Actions first/last are inconsistent with up/down
Checklist
- [x] I have read through the manual page (
man fzf) - [x] I have searched through the existing issues
- [x] For bug reports, I have checked if the bug is reproducible in the latest version of fzf
Output of fzf --version
0.65.2 (04a2dfac)
OS
- [x] Linux
- [ ] macOS
- [ ] Windows
- [ ] Etc.
Shell
- [x] bash
- [ ] zsh
- [ ] fish
Problem / Steps to reproduce
Actions up/down move the cursor up/down independent of presence of --layout=reverse-list.
Effect of actions first/last depends on whether the list is reversed. It would be more consistent to make them always act as top/bottom.
If first/last are meant to move cursor to the best/worse match, there should be actions top/bottom probably.
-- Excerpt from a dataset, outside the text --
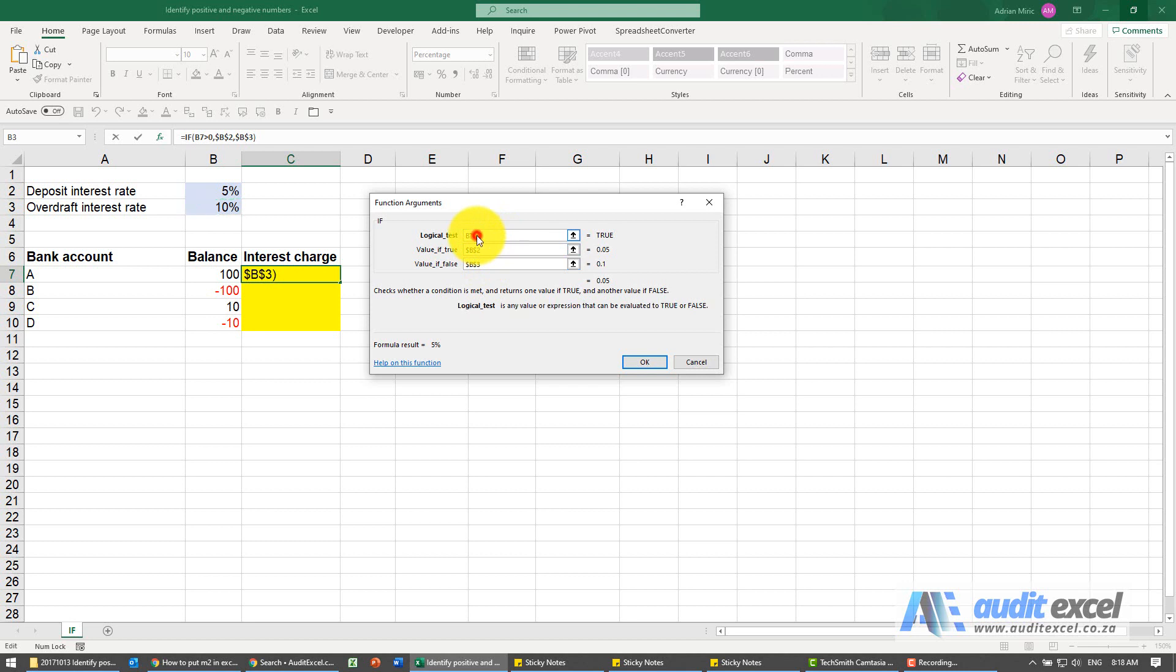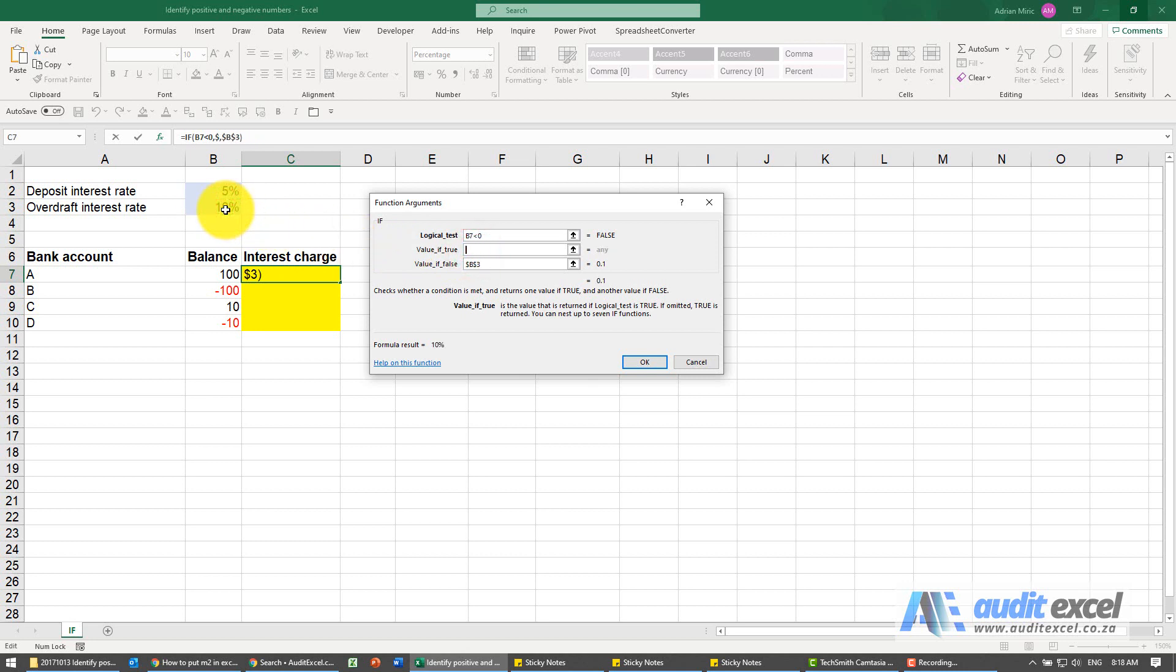If we change this around, so if I said that is less than zero, then all we need to do is make sure that our true and false values are correct.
Ok, I suppose the following can be a workaround to move cursor to the top/bottom:
--bind 'alt-home:transform:[[ $FZF_DIRECTION == up ]] && echo last || echo first'
--bind 'alt-end:transform:[[ $FZF_DIRECTION == up ]] && echo first || echo last'
However, it is really not good to have such scripting and calls to the shell for very ordinary key actions
If first/last are meant to move cursor to the best/worse match
Yes, they refer to the first and the last of the result list. When the list is sorted, the best match comes first. (Yeah, the new --raw mode kind of complicates the landscape. In that case, we should see first as the first item in the unsorted, original list.)
very ordinary key actions
I don't really use last since it points to the least relevant match, which I'm never interested in. But I can see what you're trying to do here. So you want bindings that brings cursor to the top and the bottom of the viewport for completeness' sake. I can understand that.
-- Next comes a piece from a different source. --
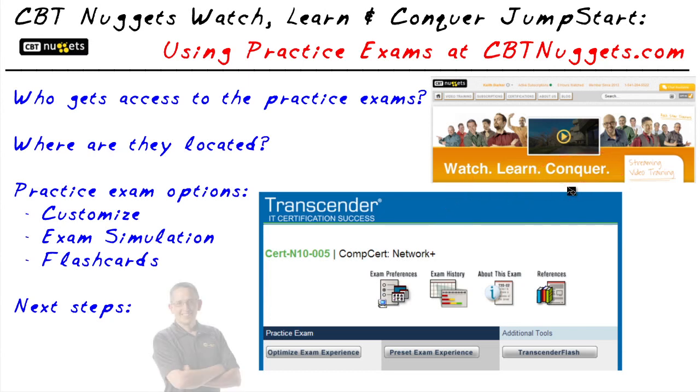I've had a lot of fun in sharing with you the details about the practice exam content that's available through CBT Nuggets. On behalf of the entire CBT Nuggets team, we wish you the best in your studies and success in your career. I hope this has been informative for you and I'd like to thank you for viewing.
Unfortunately, top was the old name for first, and many users still rely on it in bindings like --bind change:top (https://github.com/search?q=%22bind+change%3Atop%22&type=code).
So if we were to introduce such actions, we need to choose different names. Something like ceil and floor could work, though they might be slightly confusing since they remind us of math functions.
Maybe top-item/bottom-item or first-item/last-item?